Over 20 years, Dir en Grey have long proven that the only thing one can ever expect from them is unpredictability.
This, their tenth album, comes after a four-year gap, with only two singles in the interim to tide the fans over.
After the progressive tendencies of 2014's Arche, the sheer heaviness and brutality of this album -- and straight out of the gate, no less -- come as something of a shock, but it's not the one-dimensional deathcore bludgeon that marred 2011's Dum Spiro Spero.
Instead, as the album progresses, it's clear they've gone for a looser, less conceptual approach, drawing on the best heavy styles from across their career, and particularly their mid-2000s phase, at the tail end of nu-metal, when they came closest to achieving mainstream success in the West.

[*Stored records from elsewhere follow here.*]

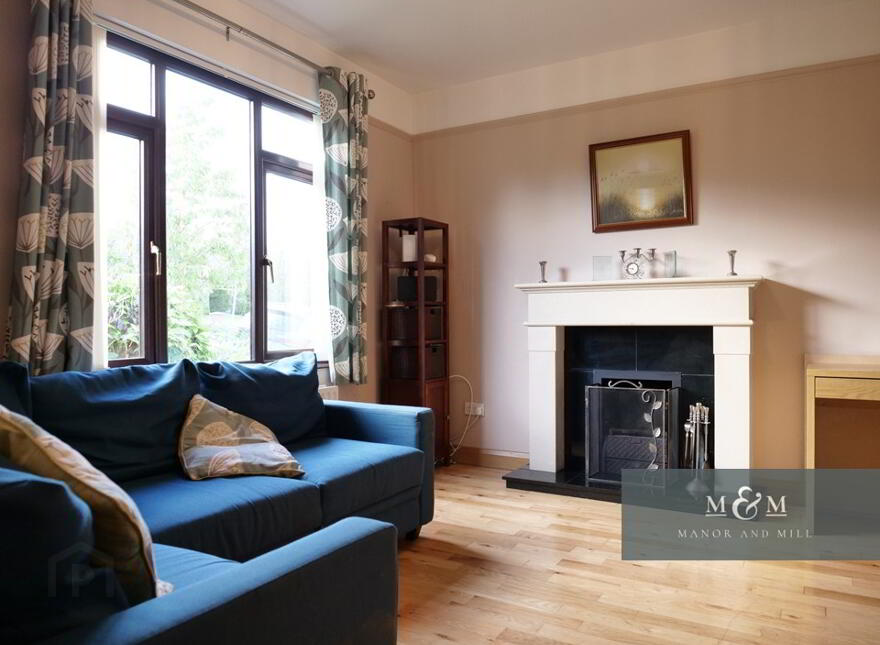 43 Brentwood Park, Richhill, BT61 9JG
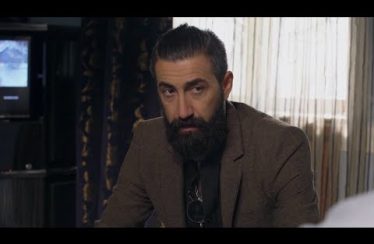 Handipman Vayr Episode 11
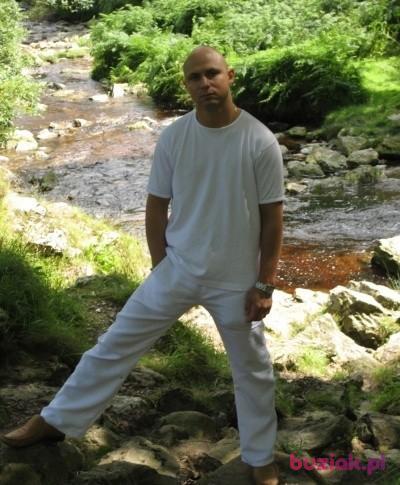 skonek, Male, 45, Irlandia, Photo: 2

There are blasting drums, fast tempos, twisty, knotty riffs, and thick walls of guitar texture, all shrouded in deliberately raw, unpolished production.
But on almost every track there's a soaring, melodic chorus hidden amongst the madness.
Kyo's lyrics on this album are some of the darkest he has ever written -- full of pain and despair, almost suicidal at times.
But for all that, his poetic gift is undimmed, and there's some bleakly beautiful imagery here.
In promotional materials for this album, he's perhaps the most visual he has ever been; going way beyond the big, colorful hair and leather of the band's origins to embrace the full theatricality of metal, he looks truly terrifying, like a carnivorous alien or demonic ghost.
Throughout, he is in fine voice, showing off his full, incredible range as he switches effortlessly from soaring high notes and rich croons to bestial grunts, roars, bellows, shrieks, and gurgles.
The album is very cleverly, very deliberately structured, with the ratio of melody to madness in each track steadily increasing as it goes on, at the same time as Kyo's lyrics gradually become slightly more hopeful.
The shimmeringly beautiful "Aka" ("Bright"), in the middle of the album, brings the first much-needed respite, while later tracks like the wonderful, melodic "Followers" and the seven-minute epic "Zetsuentai" ("Insulator") hark back to 2007's career-defining The Marrow of a Bone.
The almost pop stylings of "Ranunculus" close the album, with Kyo wailing "Scream alive, I am alive," proving there is still light at the end of the tunnel.
Dir en Grey may be long in the tooth, but there's still a fire in their belly.
Once again refusing to repeat themselves, they have decisively scored another hit.